Posted on May 30, 2019 by Janika Carey


Sweet Briar professor John Gregory Brown Sweet Briar professor John Gregory Brown. Photo by Paige Critcher


A 25th anniversary edition of John Gregory Brown’s debut “Decorations In A Ruined Cemetery” is available now from The University of South Carolina Press as part of the publisher’s Southern Revivals series. Brown directs Sweet Briar’s creative writing program and has taught at the College since 1994, when the novel was released. The reissue includes a new introduction by the author and features his artwork on the cover.

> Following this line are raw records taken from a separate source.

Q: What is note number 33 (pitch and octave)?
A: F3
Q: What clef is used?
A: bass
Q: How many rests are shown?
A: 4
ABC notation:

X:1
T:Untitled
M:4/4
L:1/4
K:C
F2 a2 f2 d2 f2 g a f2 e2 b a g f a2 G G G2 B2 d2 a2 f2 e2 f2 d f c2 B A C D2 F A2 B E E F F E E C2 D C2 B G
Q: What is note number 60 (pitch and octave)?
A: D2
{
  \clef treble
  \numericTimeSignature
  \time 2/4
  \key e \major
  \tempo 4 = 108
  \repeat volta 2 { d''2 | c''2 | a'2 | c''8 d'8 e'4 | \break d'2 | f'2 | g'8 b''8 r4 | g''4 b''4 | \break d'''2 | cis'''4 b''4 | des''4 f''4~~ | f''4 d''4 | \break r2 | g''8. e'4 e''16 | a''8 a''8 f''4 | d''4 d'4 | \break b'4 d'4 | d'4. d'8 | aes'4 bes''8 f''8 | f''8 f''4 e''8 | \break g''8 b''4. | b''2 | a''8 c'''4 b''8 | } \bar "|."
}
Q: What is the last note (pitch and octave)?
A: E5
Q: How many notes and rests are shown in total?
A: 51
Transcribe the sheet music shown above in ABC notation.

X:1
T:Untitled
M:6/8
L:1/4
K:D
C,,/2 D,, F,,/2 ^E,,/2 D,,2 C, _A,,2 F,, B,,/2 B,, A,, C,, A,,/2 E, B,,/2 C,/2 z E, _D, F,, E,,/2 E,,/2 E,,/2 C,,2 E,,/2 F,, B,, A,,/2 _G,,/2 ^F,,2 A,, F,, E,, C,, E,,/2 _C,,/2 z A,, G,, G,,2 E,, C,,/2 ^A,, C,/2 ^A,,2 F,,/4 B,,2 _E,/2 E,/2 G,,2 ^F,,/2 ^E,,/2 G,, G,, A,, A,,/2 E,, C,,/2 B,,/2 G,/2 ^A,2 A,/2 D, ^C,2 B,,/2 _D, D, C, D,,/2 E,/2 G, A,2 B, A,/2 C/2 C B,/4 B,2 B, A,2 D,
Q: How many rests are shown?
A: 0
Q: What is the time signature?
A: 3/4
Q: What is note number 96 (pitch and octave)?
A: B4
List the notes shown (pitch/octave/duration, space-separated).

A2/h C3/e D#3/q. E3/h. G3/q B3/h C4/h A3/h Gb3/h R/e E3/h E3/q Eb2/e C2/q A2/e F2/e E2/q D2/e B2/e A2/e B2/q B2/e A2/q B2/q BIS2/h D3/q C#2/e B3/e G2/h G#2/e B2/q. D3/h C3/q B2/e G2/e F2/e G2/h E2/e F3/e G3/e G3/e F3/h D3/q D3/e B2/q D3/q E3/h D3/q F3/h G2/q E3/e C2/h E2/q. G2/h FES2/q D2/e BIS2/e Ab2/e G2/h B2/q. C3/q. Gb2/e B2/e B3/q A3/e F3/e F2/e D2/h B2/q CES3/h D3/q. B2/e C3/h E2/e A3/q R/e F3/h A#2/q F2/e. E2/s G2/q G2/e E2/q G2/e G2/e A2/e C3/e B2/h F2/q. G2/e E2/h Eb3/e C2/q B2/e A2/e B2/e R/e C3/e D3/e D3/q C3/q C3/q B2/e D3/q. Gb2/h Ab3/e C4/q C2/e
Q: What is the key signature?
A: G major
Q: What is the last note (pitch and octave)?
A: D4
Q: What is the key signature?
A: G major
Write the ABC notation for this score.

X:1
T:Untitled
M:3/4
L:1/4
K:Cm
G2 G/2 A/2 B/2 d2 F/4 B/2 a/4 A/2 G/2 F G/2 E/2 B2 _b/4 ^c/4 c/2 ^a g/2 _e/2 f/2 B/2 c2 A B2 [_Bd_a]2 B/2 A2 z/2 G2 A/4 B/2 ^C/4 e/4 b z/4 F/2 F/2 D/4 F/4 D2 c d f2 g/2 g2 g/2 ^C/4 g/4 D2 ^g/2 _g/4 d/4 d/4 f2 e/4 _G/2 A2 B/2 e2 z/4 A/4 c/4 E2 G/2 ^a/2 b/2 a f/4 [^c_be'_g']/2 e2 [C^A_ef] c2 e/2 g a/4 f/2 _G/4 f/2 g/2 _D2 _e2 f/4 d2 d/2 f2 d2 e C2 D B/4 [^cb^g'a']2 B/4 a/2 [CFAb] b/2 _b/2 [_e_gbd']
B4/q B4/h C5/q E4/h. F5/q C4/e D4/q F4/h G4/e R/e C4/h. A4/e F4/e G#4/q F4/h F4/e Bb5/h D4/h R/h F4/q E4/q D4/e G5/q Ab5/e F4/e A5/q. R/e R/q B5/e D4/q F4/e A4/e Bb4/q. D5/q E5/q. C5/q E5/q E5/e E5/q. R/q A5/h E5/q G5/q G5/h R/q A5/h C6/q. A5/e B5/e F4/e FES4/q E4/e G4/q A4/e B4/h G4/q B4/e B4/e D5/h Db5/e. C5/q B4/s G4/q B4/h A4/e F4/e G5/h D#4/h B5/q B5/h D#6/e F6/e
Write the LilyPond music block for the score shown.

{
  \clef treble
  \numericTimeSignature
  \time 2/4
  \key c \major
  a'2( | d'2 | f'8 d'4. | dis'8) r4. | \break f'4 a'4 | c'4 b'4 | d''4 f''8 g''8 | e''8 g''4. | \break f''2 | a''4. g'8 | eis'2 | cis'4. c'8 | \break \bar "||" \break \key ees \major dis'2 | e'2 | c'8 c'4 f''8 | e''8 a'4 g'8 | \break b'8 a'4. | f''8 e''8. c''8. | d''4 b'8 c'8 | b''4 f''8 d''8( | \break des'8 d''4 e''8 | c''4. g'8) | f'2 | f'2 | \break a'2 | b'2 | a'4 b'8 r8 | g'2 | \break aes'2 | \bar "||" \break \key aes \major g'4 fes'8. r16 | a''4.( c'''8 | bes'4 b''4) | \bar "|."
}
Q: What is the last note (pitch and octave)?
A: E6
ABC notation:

“A luminous and heartbreaking tale of identity, devotion, and regret,” Brown’s first book, according to the publisher’s website, “examines family, race, and faith in a heartbreaking tale of identity, devotion, and regret.”


Decorations In A Ruined Cemetery
The story centers on the Eagen family of New Orleans, Irish Catholics of “mixed blood” in a city where race defines destiny. In 1965, Thomas Eagen and his 12-year-old twins, Meredith and Lowell, abruptly drive off, leaving his second wife, Catherine, and their home. As they cross Lake Pontchartrain, a section of the bridge collapses, injuring Murphy Warrington, an African American man who once worked for Thomas’s father. Murphy becomes the catalyst for a series of revelations about Thomas’s light-skinned black mother and the reasons she abandoned her husband and son when Thomas was an infant.

“John Gregory Brown’s compassionate vision of human destiny is one that contains both suffering and the possibility of deliverance,” wrote the New York Times Book Review when the novel was first released. “Artistry like this is unclassifiable.”

The Times called it “moving, wise, and wonderful,” and the Boston Globe predicted a bright future for its author. “Decorations in a Ruined Cemetery is a sensitive, graceful piece of writing with an emotional candor about it that speaks well for John Gregory Brown’s future life as a writer.”

Brown is the Julia Jackson Nichols Professor of English and Creative Writing at Sweet Briar College and the author of the novels “The Wrecked, Blessed Body of Shelton Lafleur,” “Audubon’s Watch” and “A Thousand Miles From Nowhere.” His honors include a Lyndhurst Prize, the Lillian Smith Award, the John Steinbeck Award, a Howard Foundation fellowship, the Louisiana Endowment for the Humanities Book of the Year Award and the Emyl Jenkins Sexton Literary Award for Fiction from the Library of Virginia. Recently, Brown has also been dabbling in photography and visual art. Information about his writing and art is on his website.